Following is a list of programming languages I intended to learn in the future, including those I'm already learning or have learned. The list is in particular order.

  • Common Lisp/Scheme
    • Implementation: SBCL/PLT-Scheme
    • Lisp is fantastic once you have started. The parenthesis syntax is simply beautiful: simple yet powerful. I started to touch upon Lisp (actually Elisp) in last year, with the intention to be able to configure Emacs in a more free way. Unfortunately I still have not finished the Elisp introduction document which accompanies Emacs distribution and I will finish it in the near future. Afterwards I was attracted by Haskell and devoted nearly half a year to learn it, with the focus on migration my C++ simulator to Haskell. Early this year, when I was browsing reddit as usual, I found this post, which proposed the analogy that hacking Lisp is like riding a bike. I was curious about such metaphor and decided to try myself. And the result is that I'm now a big fan of Lisp. I've almost translated all my Haskell code to Common Lisp, migrated many C++ files too, and added many new functionalities to my simulator. Lisp is just wonderful! It really grows into you. I have read Practical Common Lisp (although I skipped almost all the practical examples and will come back to them later), and now nearly finished On Lisp.
    • Book list for further reading
      • SICP: a must read. Free book available.
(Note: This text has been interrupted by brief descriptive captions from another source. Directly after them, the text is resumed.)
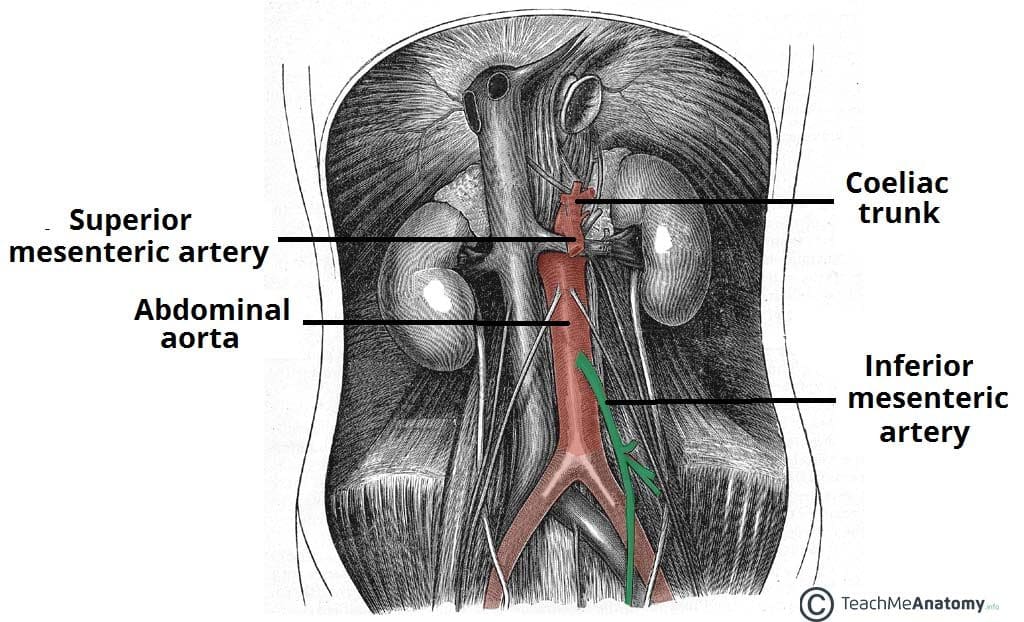 Celiac Trunk Abdominal Aorta Branches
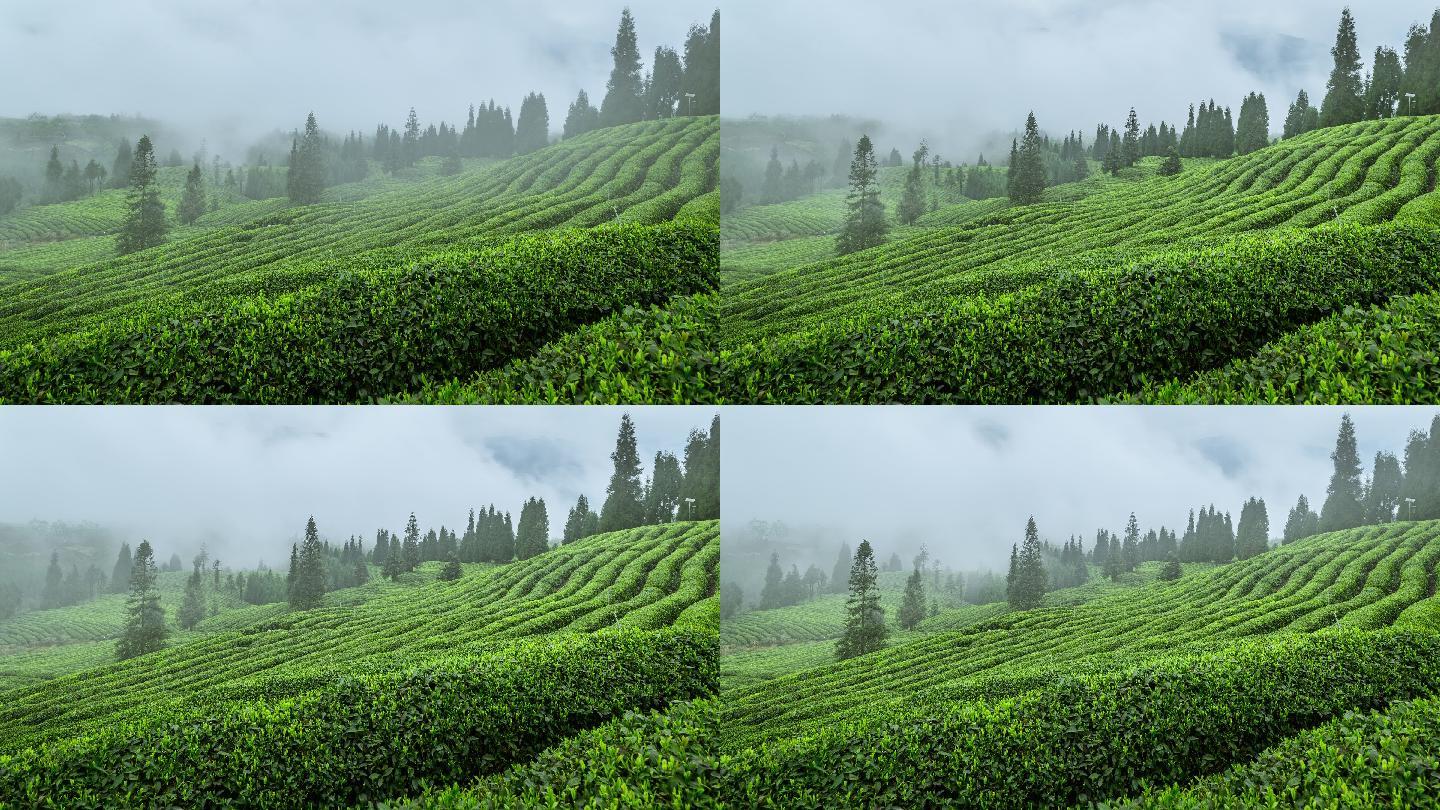 高山云雾茶园
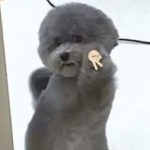 ユーザー画像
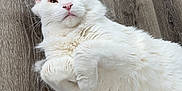 Zeus joined the competition — help win amazing prizes! cat, white_cat, fluffy, pet, lying_down, wooden_floor, indoor, fur, cute, animal, relaxed, paw, whiskers, ears, face, mammal, domestic_animal, feline, pet_animal, laying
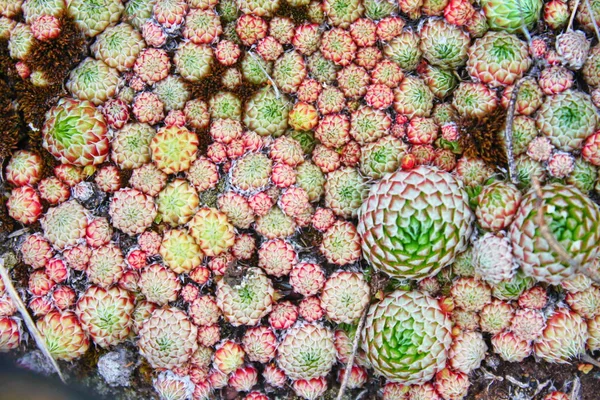 Genç orpin filizleri. Sedum telephium, sonsuza kadar yaşa, Livelong, Stonecrop. Su damlalarıyla. Güzel yeşil bitkiler yağmurdan sonra ıslanır. Doğa geçmişi. Üst Manzara. Seçici odak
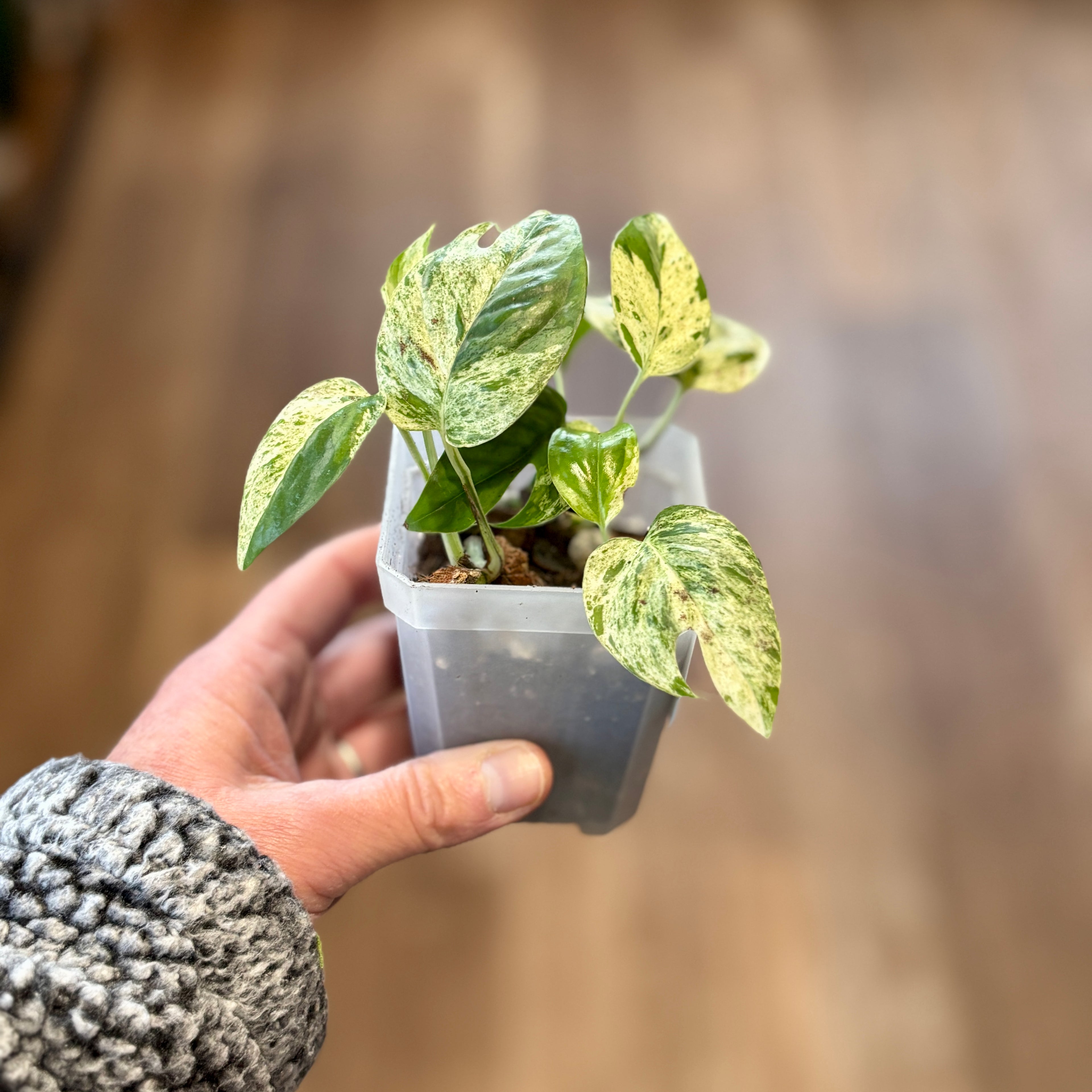 Epipremnum Pinnated 'Marble Flame' | Pothos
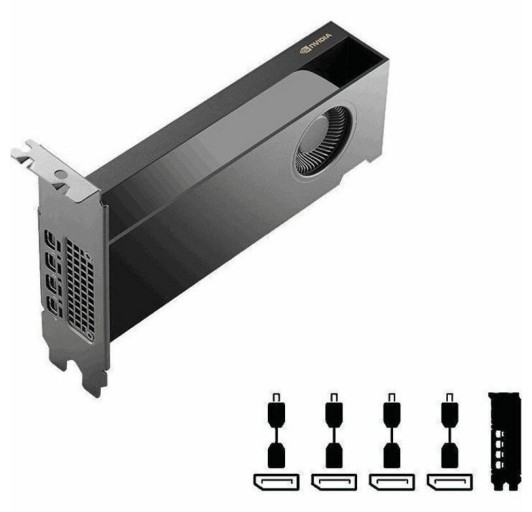 PNY NVIDIA RTX PRO 2000 - 16 GB GDDR7 - Full-height/Low-profile (VCNRTXPRO2000B-PB)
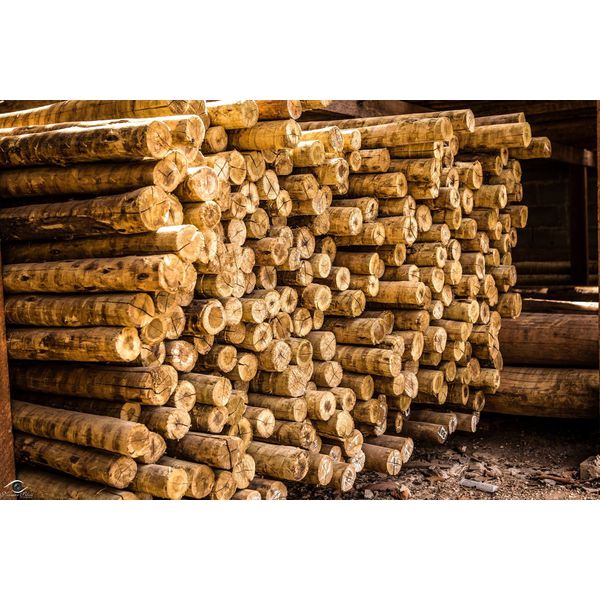 MADEIRA EUCALIPTO PEÇA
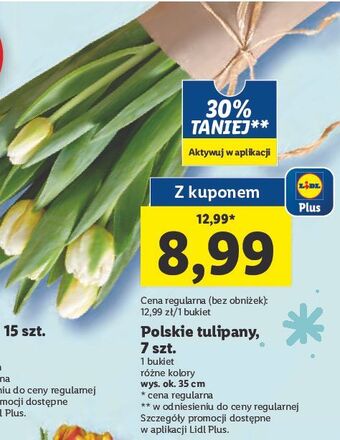 Lidl Tulipany oferta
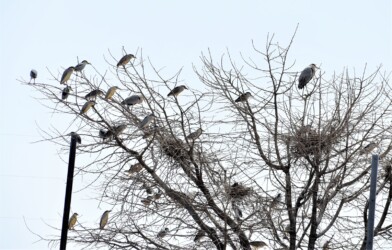 アオサギの営巣場所にゴイサギがとまる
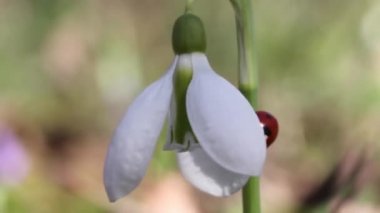 Ladybird kardelen üzerinde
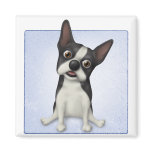 Boston Terrier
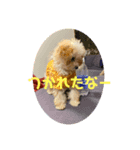 子犬のまる★（個別スタンプ：7）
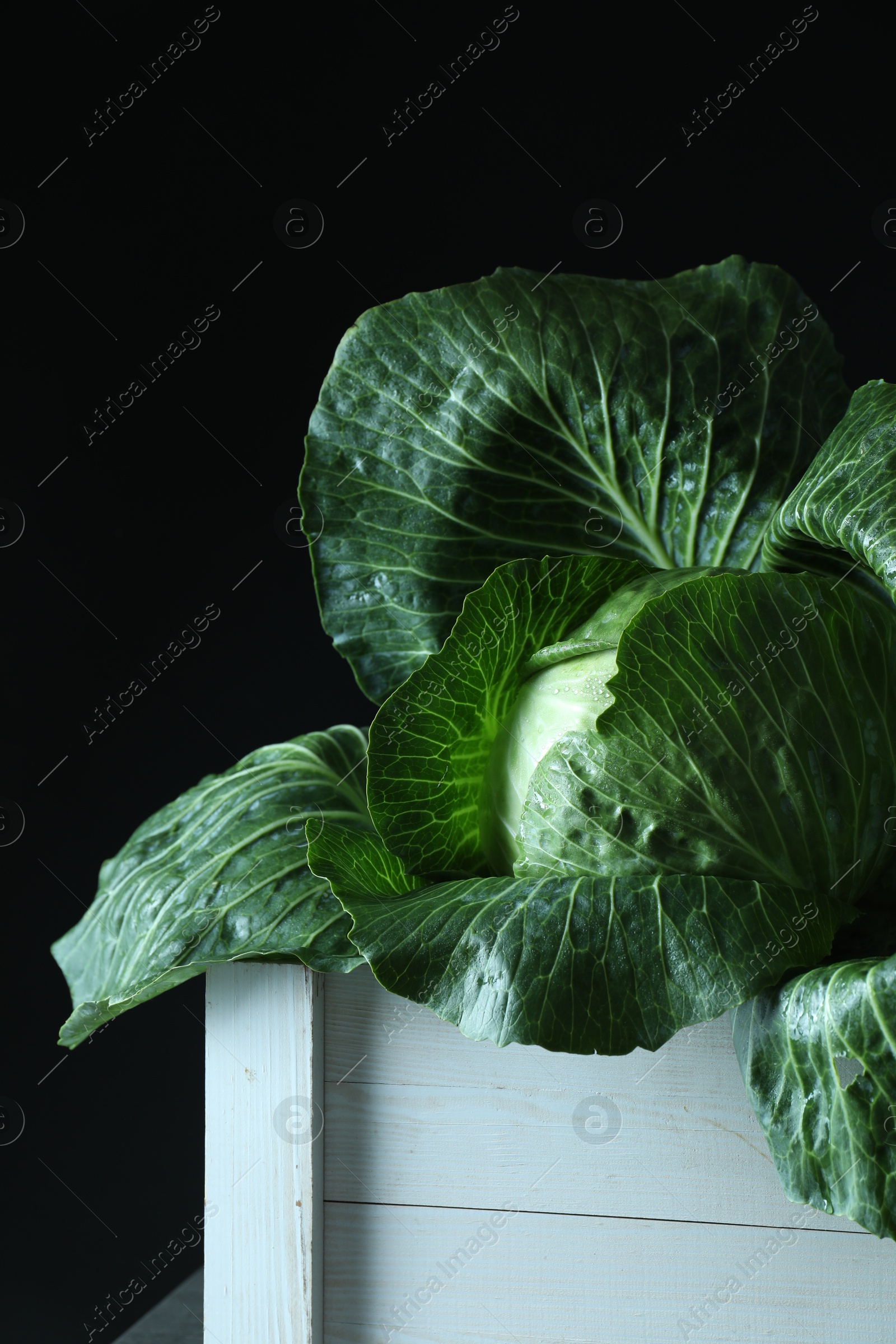 Photo of Whole ripe head of cabbage in crate on dark background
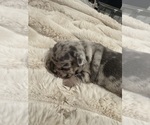 Puppy Puppy 6 French Bulldog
The video lectures are of great help too.
      • PAIP: I'm also interested in AI and also a fan of Peter Norvig. So I may purchase this book although it is somehow expensive.
      • Object-Oriented Programming in Common Lisp: A Programmer's Guide to CLOS: I use CLOS a lot and like to be shocked by the book.
      • AMOP: A fancy text I heard of.
      • Lisp In Small Pieces: A must read for Lisp/Scheme implementation.
      • Lisp 1.5 Programmer's Manual: Definitive manual for ancient Lisp?
      • Ansi Common Lisp: This book might not be so advanced compared with books listed above, but I really like the articles/books from Paul Graham.
      • Other nice scheme books, especially the series: The Little Schemer/The Seasoned Schemer/The Reasoned Schemer, and How to Design Programs.
  • Oz
    • Implementation: Mozart
    • It seems that Oz encompasses almost all the programming paradigms therefore it would be nice to try.
    • CTM seems to be the book to try.
  • Ruby
  • Prolog
    • Implementation: swi-prolog
    • Another AI language. It seems that many Lisp books (e.g. On Lisp, PAIP) try to build a Prolog interpreter/compiler and then use it to solve problems. It might be of great fun to directly dive into Prolog.
  • Smalltalk
    • Implementation: Squeak
    • Quite shocked during the first use of Squeak 3 years ago.
  • Erlang

#1 Post

About half a year ago, I opened my first blog in Donews, but I only posted a few articles after registration. Now I decided to switch to blogger, mainly because I'm a fan of Google and really like the attractiveness of integration of various services provided by Google.

For this particular blog, I may post either in Chinese or English, depending on my taste :-) Hope this blog can open my mind to pop out things out, hopefully nice things. And I may post several articles in a row today to test my passion.